TASK MATERIAL START
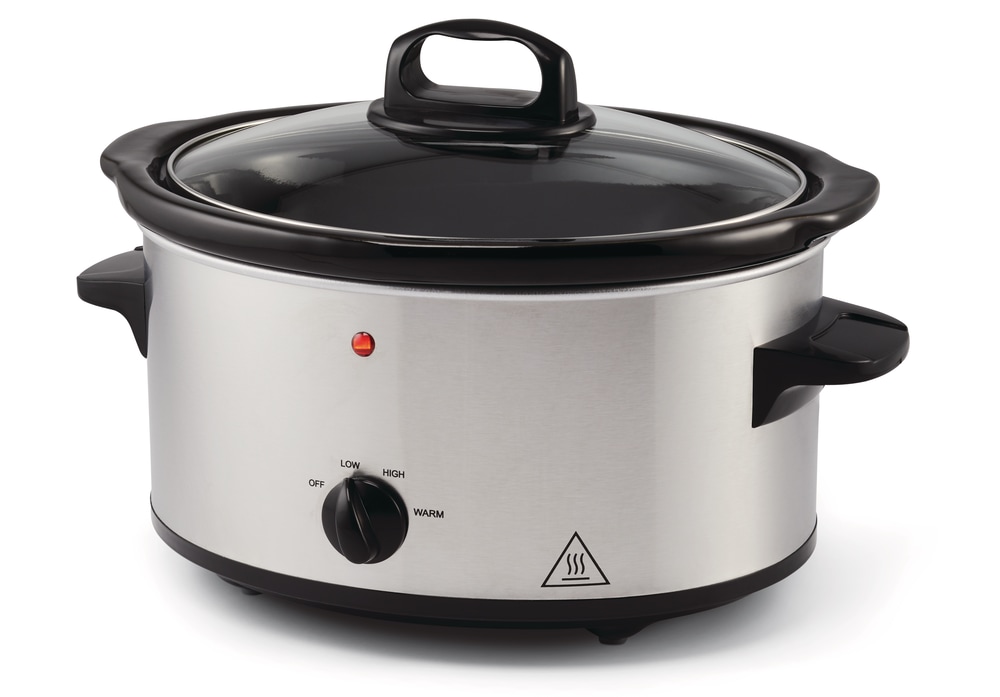 MASTER Chef 7in1 Manual Slow Cooker, Stainless Steel, 3.5qt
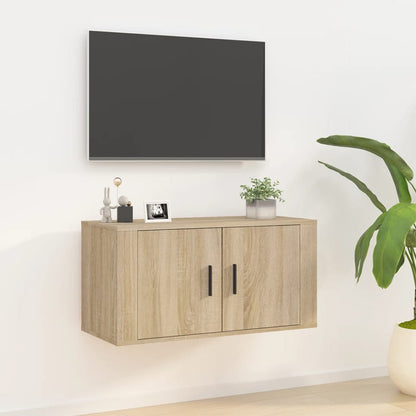 vidaXL Wall Mounted TV Cabinet Sonoma Oak 80x34,5x40 cm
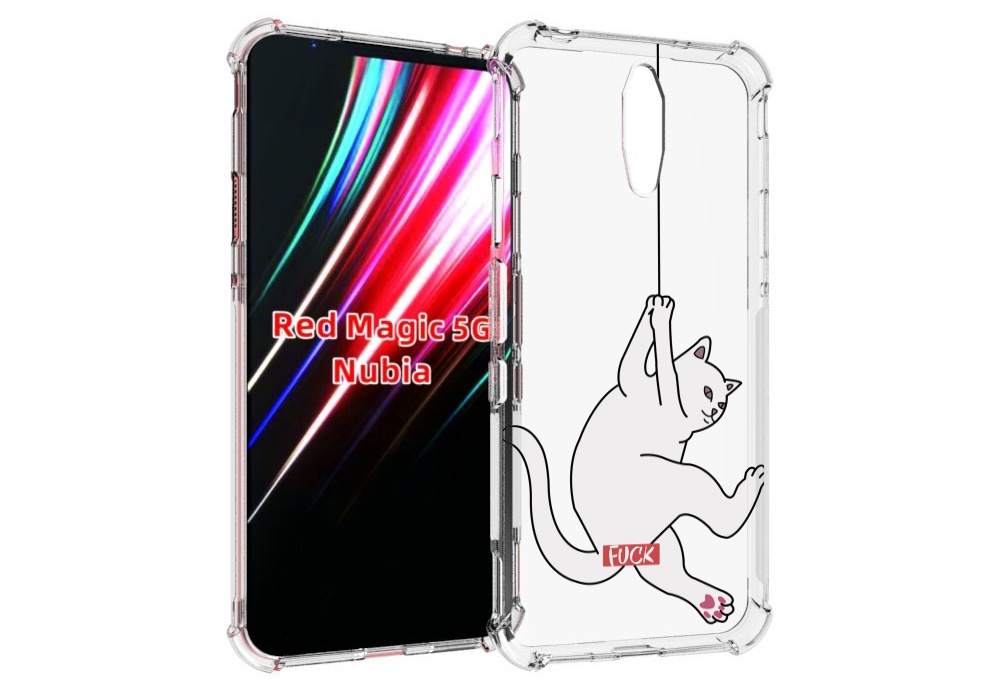 

Чехол MyPads котяра-на-веревке для ZTE Nubia Red Magic 1 5G, Прозрачный, Tocco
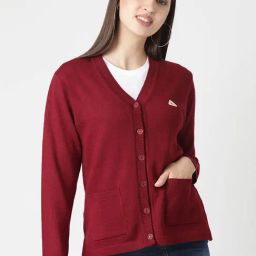 Monte Carlo Red Full Sleeves Cardigan-image-37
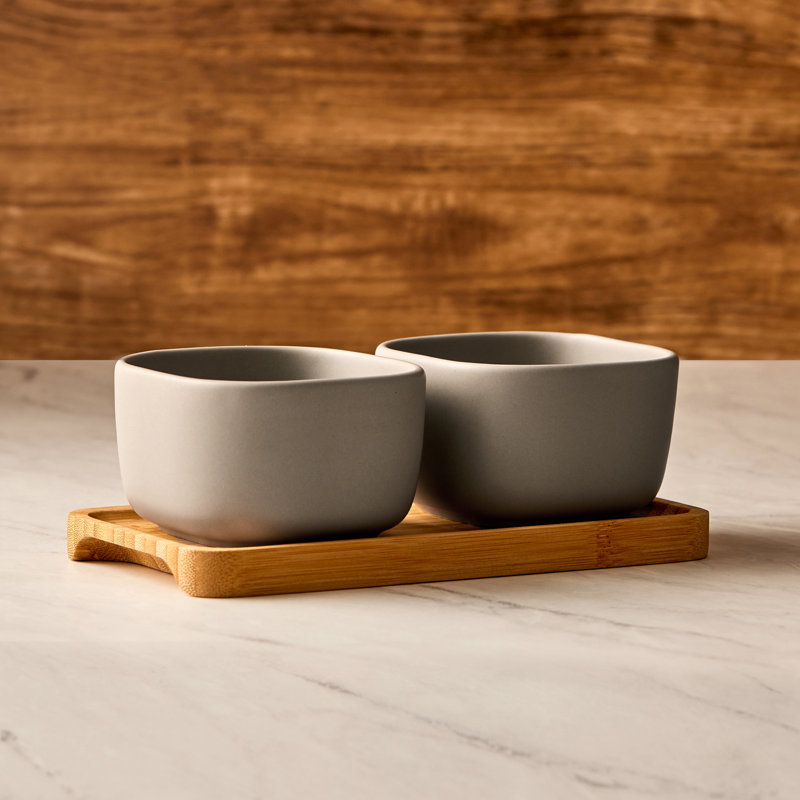 Share Square Bowls, Grey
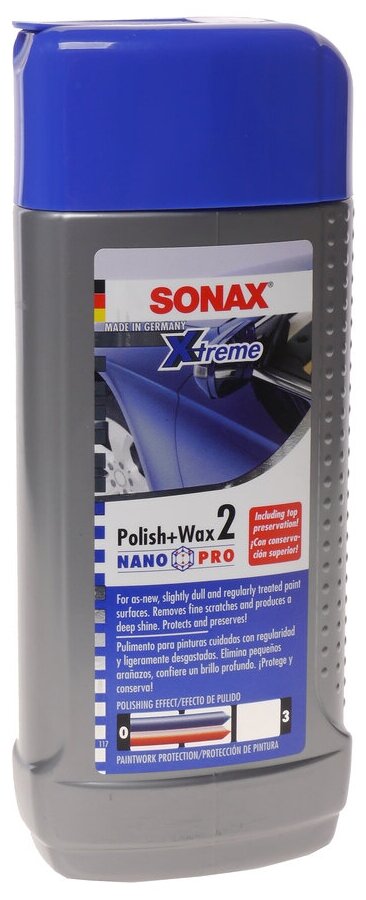 Воск для автомобиля SONAX №2 универсальный Xtreme NanoPro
TASK MATERIAL END
Please print out the entries above exactly. The pictures stay out.

**SOLUTION TO THE EXERCISE:**
 MASTER Chef 7in1 Manual Slow Cooker, Stainless Steel, 3.5qt
 vidaXL Wall Mounted TV Cabinet Sonoma Oak 80x34,5x40 cm

Чехол MyPads котяра-на-веревке для ZTE Nubia Red Magic 1 5G, Прозрачный, Tocco
 Monte Carlo Red Full Sleeves Cardigan-image-37
 Share Square Bowls, Grey
 Воск для автомобиля SONAX №2 универсальный Xtreme NanoPro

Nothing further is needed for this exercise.